Dataset excerpt below:

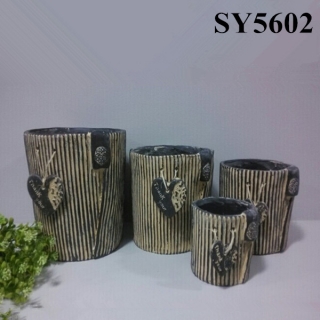 Hotsale product decorative large clay pot wholesale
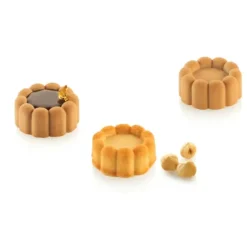 Moule Silicone|Moules À Gâteaux*SILIKOMART Moule Silicone Charlotte XS Ø 3,8 x H 1,8 cm (x18)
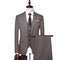 Tailored Groom's Dress Tuxedo Three Piece Set Groom's Best Man Formal Business Suit Men's Suit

End of Dataset excerpt.

Exercise directions
With images left out, the data must be transcribed exactly.

Response
 Hotsale product decorative large clay pot wholesale
 Moule Silicone|Moules À Gâteaux*SILIKOMART Moule Silicone Charlotte XS Ø 3,8 x H 1,8 cm (x18)
 Tailored Groom's Dress Tuxedo Three Piece Set Groom's Best Man Formal Business Suit Men's Suit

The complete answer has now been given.